Ralph Vaughan Williams
English Modern pastoralist rooted in folk song and Tudor polyphony
1872
1958
English
Modern
The Lark Ascending, Fantasia on a Theme by Thomas Tallis
Early life
Ralph Vaughan Williams was born on 12 October 1872 in Down Ampney, Gloucestershire, the son of a vicar. His family was distinguished — Charles Darwin was his great-uncle — and he received an excellent education at Charterhouse School, the Royal College of Music (where he studied with Hubert Parry and Charles Villiers Stanford), and Trinity College, Cambridge.
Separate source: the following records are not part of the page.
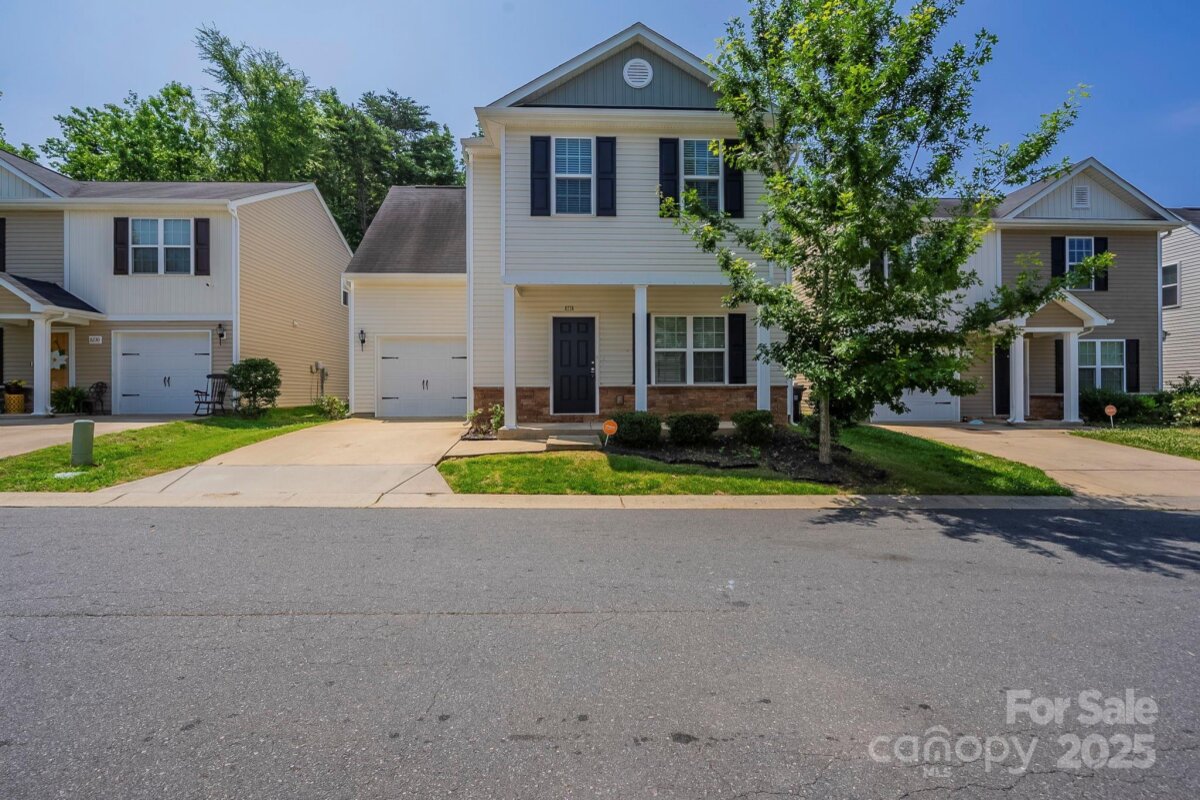 8226 Gabon Court, Charlotte, NC 28215, MLS # 4266529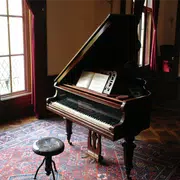 Piano instrumental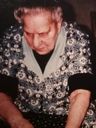 Record image of Maria Arend (geb. Degenhard)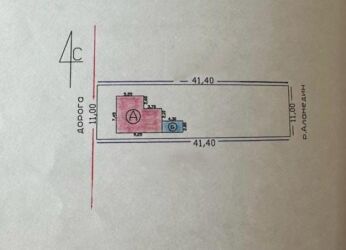 Продажа домов: Дача, 60 м², 2 комнаты, Риэлтор, Косметический ремонт at lalafo.kg — 18 Продажа домов: Дача, 60 м², 2 комнаты, Риэлтор, Косметический ремонт — 18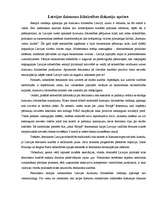 Konspekts 'Feministiskās teorijas', 9.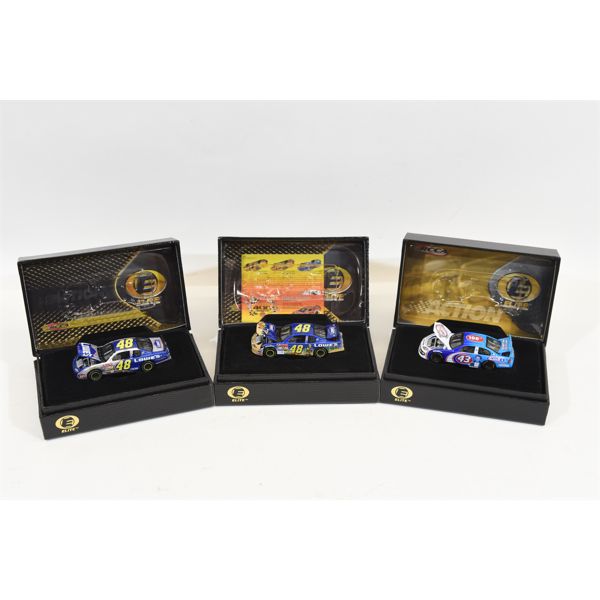 Action Elite NASCAR Collectibles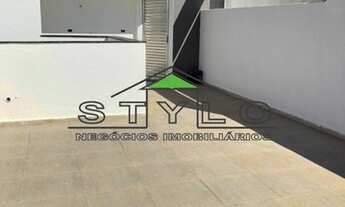 Imagem 4: APARTAMENTO SEM CONDOMINIO SANTO ANDRÉ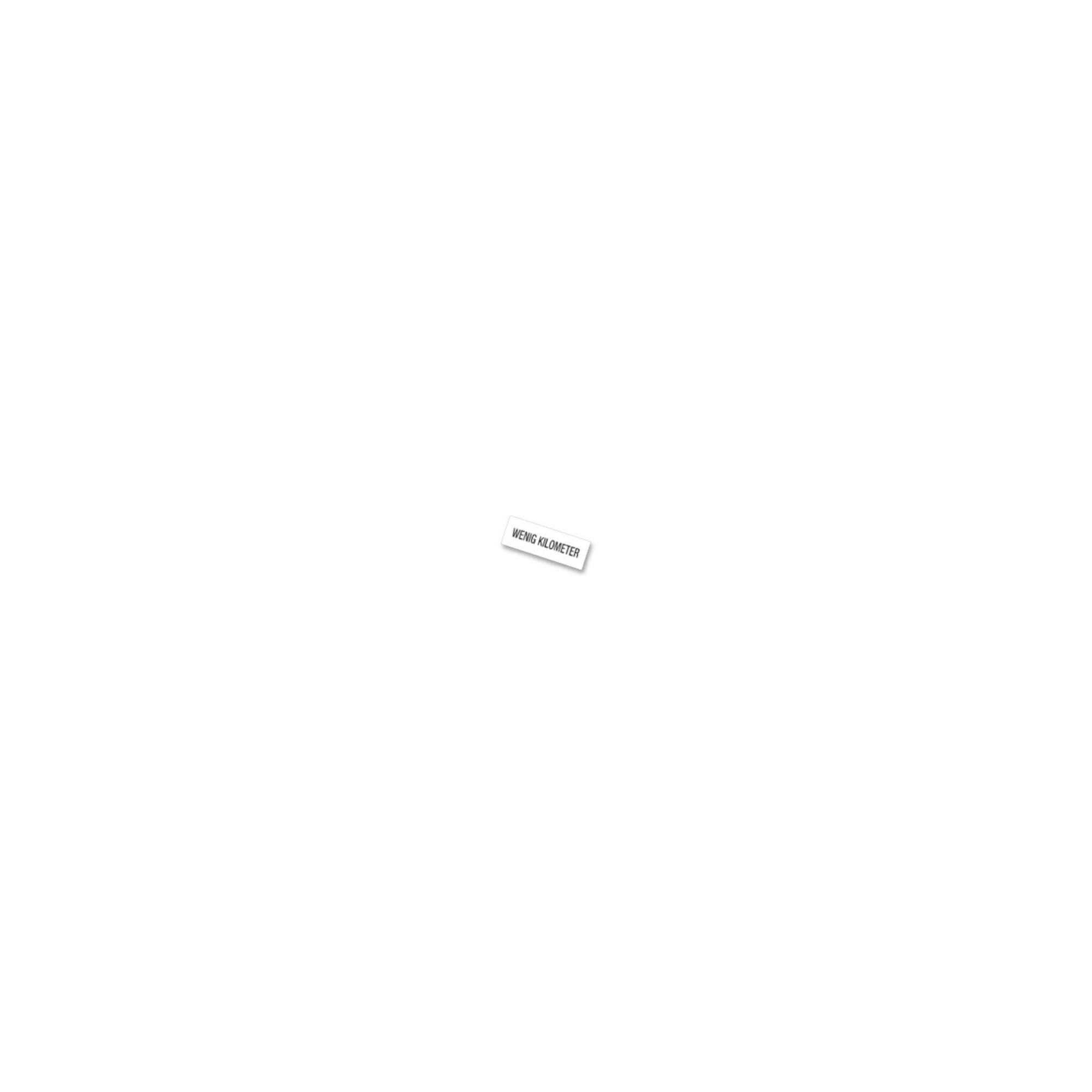 Eichner Werbe- Einlage Wenig Kilometer Format (9219-00337)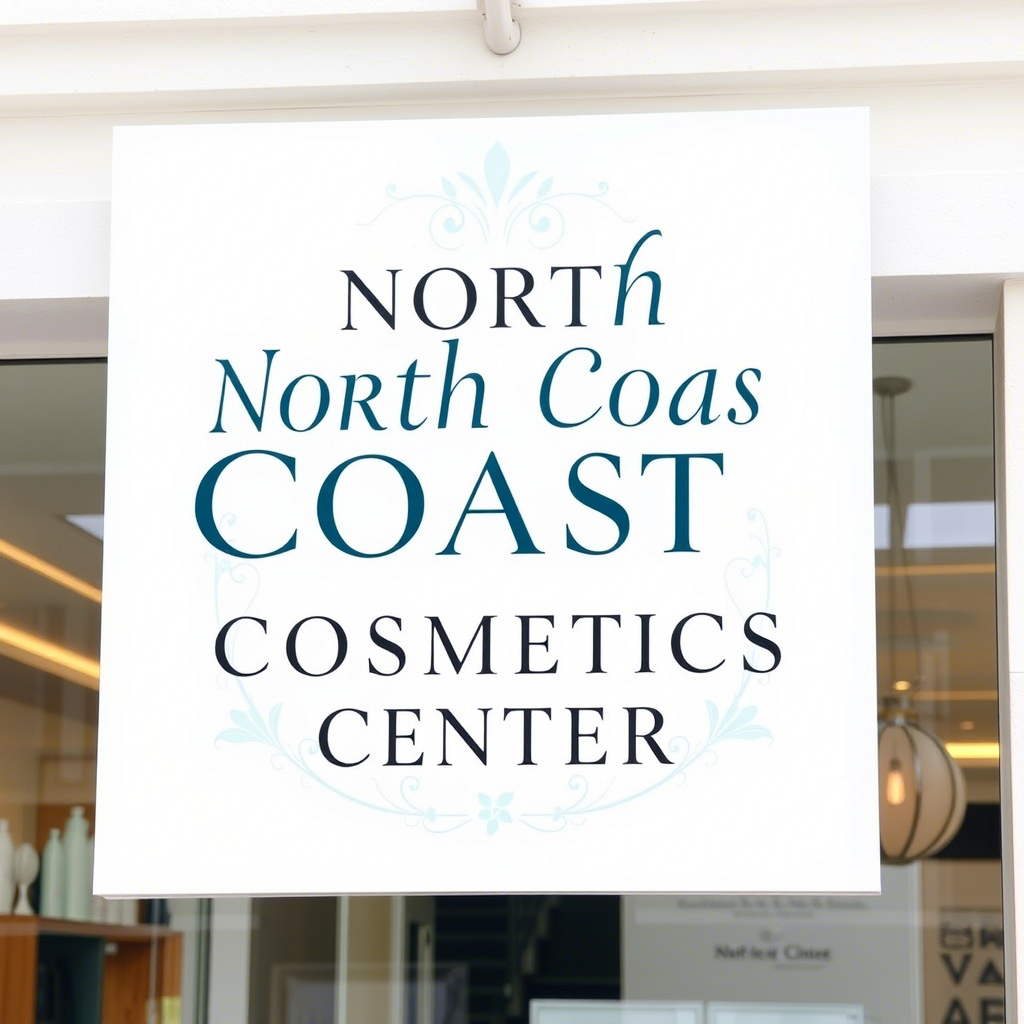 مركز الساحل الشمالي مستحضرات تجميل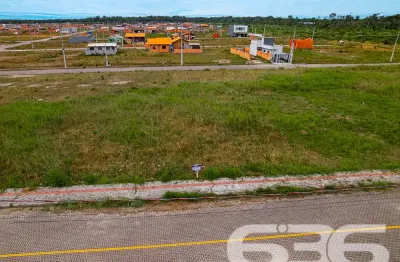 Terreno à venda na Rua Rua 1, 79, Colégio Agrícola, Araquari
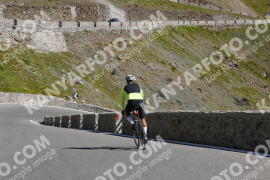 Photo #3853622 | 13-08-2023 10:58 | Passo Dello Stelvio - Prato side BICYCLES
Even after this extensive formal training, he felt his technique was incomplete and sought additional instruction from Max Bruch in Berlin in 1897 and, most significantly, from Maurice Ravel in Paris in 1908. Ravel, three years his junior, helped him achieve a lighter, more transparent orchestral texture.
Career and major works
From 1903 onwards, Vaughan Williams undertook extensive fieldwork collecting English folk songs in Norfolk, Sussex, and other rural counties, preserving melodies from elderly singers who were often the last people to remember them. This folk-song collecting — alongside his deep study of Tudor church music and the works of Purcell — shaped a musical language that was distinctively English yet never merely antiquarian. His orchestral works include the nine symphonies, ranging from the choral Sea Symphony (1910) to the bleak, visionary Sixth (1947) and the serene pastoral of the Third (1922). The Fantasia on a Theme by Thomas Tallis (1910), for double string orchestra and string quartet, is one of the most admired works of the twentieth century. The Lark Ascending (1914, revised 1920), a romance for violin and orchestra, has become one of the most popular works in the British concert repertoire. His operas include Hugh the Drover (1924) and the Shakespearean Sir John in Love (1929), and his film scores, including Scott of the Antarctic (1948), demonstrate his gift for evocative pictorial music.
Musical style and legacy
Vaughan Williams's music is characterised by modal harmony derived from folk song and Tudor polyphony, broad melodic lines, and a rich but never overloaded orchestral texture. His influence on English music was immense, liberating British composers from the dominance of the Austro-German tradition. He died in London on 26 August 1958.